It’s hard luck being the neighbouring suburb to Diamond Creek. How can wattle ever compete with diamonds?
Wattle Glen the suburb doesn’t even boast a particularly large number of wattles. This small bushy ‘burb sits between aforementioned Diamond Creek, and the “end of the line” suburb of Hustbridge. In fact, if you’re looking for the main shopping precinct of Wattle Glen, you’ll probably accidentally end up in Hurstbridge itself. Wattle Glen doesn’t even have a shopping strip.
So, apart from the train station (which seems to consist mostly of a portable cop shop, thanks PSOs and the former state government), what is in Wattle Glen?
Well, snakes, according to Diamond Creek local Mark “the Snake Hunter” Pelley. “I find tiger snakes almost all over Melbourne, especially in Wattle Glen, Eltham and Diamond Creek area,” he reports. But don’t get too cocky, inner-city folk. Pelley says they’re very common in inner suburbs like Northcote, Fairfield and Ivanhoe, too.
Glen Ferrarotto moved from Eltham onto a large property in Wattle Glen last month, and found himself with an interesting mid-winter house-warming present
“I’d had the keys for two days and was moving some building materials from around the house and heard an audible hiss from under a piece of wood,” the new resident says. “I went back to have another look, and lo and behold, a small tiger snake popped his head up again and hissed at me!”
Ferrarotto’s wife called up The Snake Hunter, and, while waiting the few minutes for him to arrive, the family of four practiced their “snake drill”.
“I didn’t expect to see one this time of year,” says Ferrarotto. “We’re likely to see them in summer, we have two dams, and I’m happy to have snakes in and around the property – that’s a given where we live. But that close to the house is not ideal!”
Wattle Glen isn’t all bush blocks. Head up or down Kamarooka Drive and it’s full-frontal suburbia, albeit very hilly. Expect power lines and large, almost bumper-to-bumper brick houses. Kamarooka Drive brings you straight down Main Hurstbridge Road to Diamond Valley. Live here and you don’t really get even a bit of a country feel on the daily commute.
It’s the location and easy commute that drew the Ferrarottos to the hood. “It’s a very convenient place to live,” says Glen. “We have a young family and we were very keen to enable an upbringing on some property that kept us close enough to the airport, and the city, so that my wife and I could get to work.” For this family, Wattle Glen provided the “perfect postcode”, right in between the Yarra Valley and inner city suburbs.
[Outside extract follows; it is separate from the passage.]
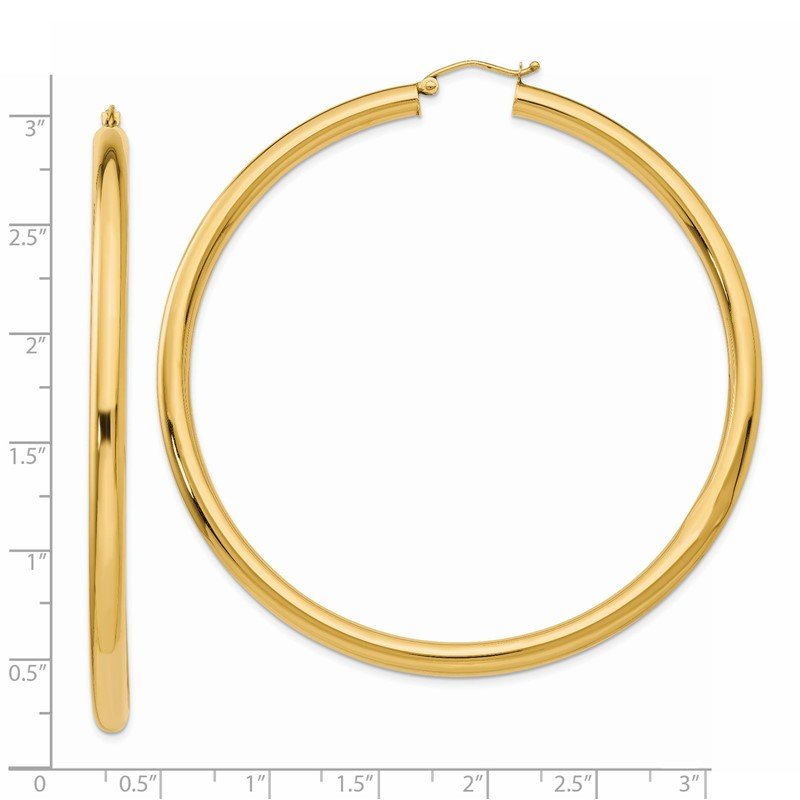 14k 4x70mm Polished Round Tube Hoop Earrings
There’s some fun to be had on Wattle Glen’s back roads. Head up (and down, and up) the Reynolds Road roller coaster to Lorimer Road and you’ll feel like you’ve truly hit the country, with llamas (or alpacas) and the odd cow (the Ferrarottos’ new property came complete with two). There are plenty of horse-statues on the gates.
Lorimer Road is home to one of the few Wattle Glen homes for sale right now. Number 10 is a bucolic mudbrick home with features including Ironbark repurposed from railway bridges and the Port of Adelaide … oh no, it sounds like the fitout of a hipster cafe already. Watch out Wattle Glen, the tree-changers may be on their way.